The British contingent to the United Nations mission in Mali (MINUSMA) have been operational now for eight months.
In that time, the 250-strong Task Group have been busy disrupting insurgent activity across the open eastern Malian plains, whilst reassuring the local population, and crucially enabling humanitarian relief and assistance to an area ravaged by violent Islamic State-inspired terrorism since before 2015.
This article was written by Robert Clark and Will Meddings.
Robert Clark is a Defence Policy Associate at the Henry Jackson Society. Prior to this he served in the British Army for 13 years, including tours of Iraq and Afghanistan. Will Meddings is the Commanding Officer of the Long Range Reconnaissance group. A British Army officer in the Royal Anglian Regiment, he has experience of operations in Iraq, Afghanistan and across Africa.
The British soldiers, drawn from 2nd Battalion the Royal Anglian Regiment and the Queen’s Dragoon Guards, form the Long Range Reconnaissance Group (LRRG), pushing out well beyond the areas where other UN troops can patrol. Here, the British conduct intelligence gathering operations and local population reassurance patrols, deep inside what has up until now been enemy controlled territory.
As part of enabling the humanitarian assistance to the region, the Task Group have recently been involved in facilitating a special UN Human Rights team, investigating suspected war crimes.
On 8 August, between 50-100 Islamic State in the Greater Sahel (ISGS) fighters rode into four villages around Outtagouna, close to the Niger and Burkina Faso borders in the south east of the country. Here, the Islamist fighters cordoned off the villages, and began ruthlessly murdering any males over the age of 15. In all, 57 were reported killed, and a dozen more wounded.
As reports of the killings came through, the British launched Operation MAKARA 2. Fortunately, the Task Group were due to patrol the same area, located approximately 150km south of their base in Gao. Launching a day earlier than planned, the 250 British soldiers accelerated the deployment of their specially designed off-road desert vehicles and arrived less than 36 hours after the attacks.
The LRRG stayed on-site for three weeks; they are the only nation who stay out on the ground for longer than a week. During this time, the troops were involved in carefully collecting eye-witness accounts from the local population and physical evidence left by the attackers, as well as providing security. In addition, they hosted an eight person UN Human Rights investigation team, who flew out several days later to conducted crime scene investigation and interview local Malians.
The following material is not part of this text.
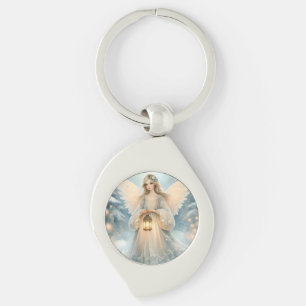 Celestial Winter Angel Lantern of Grace Keychain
Due to their rapid advance to the area and their presence in the affected villages for several weeks, they were able to provide critical information to support the UN investigation. Its final report will be presented to the UN Security Council and help bring the perpetrators to justice. Furthermore, due to the continued security they provided, they also hosted a field mission from the Civilian Affairs Division, allowing MINUSMA’s community liaison officers to access villages in the area not visited for several years.
Following the return of the investigation team, the Task Group continued patrolling the area at night, deterring any further ISGS activity. Demonstrating the range of capabilities for which the British were originally requested by the UN commander in Mali, the LRRG used their unarmed Intelligence, Surveillance, and Reconnaissance (ISR) drones, conducting missions over the towns to identify and prevent further violence.
This light footprint approach, of a British Task Group numbering only 250 personnel, is a perfect demonstration of the tactical, operational, and even strategic level effects which the modern British Army can achieve. Deploying into a contested security environment, a small but professional force can deliver a broad range of highly effective operational missions.
Operation MAKARA 2 has highlighted the determination, versatility and wide range of capabilities the British Army have deployed to southern Mali. It has also demonstrated that a conventionally-deployed Task Group can provide the security needed for indigenous troops to counter insurgents, whilst securing the local population, and ultimately bringing to justice to those who seek to threaten innocent civilians.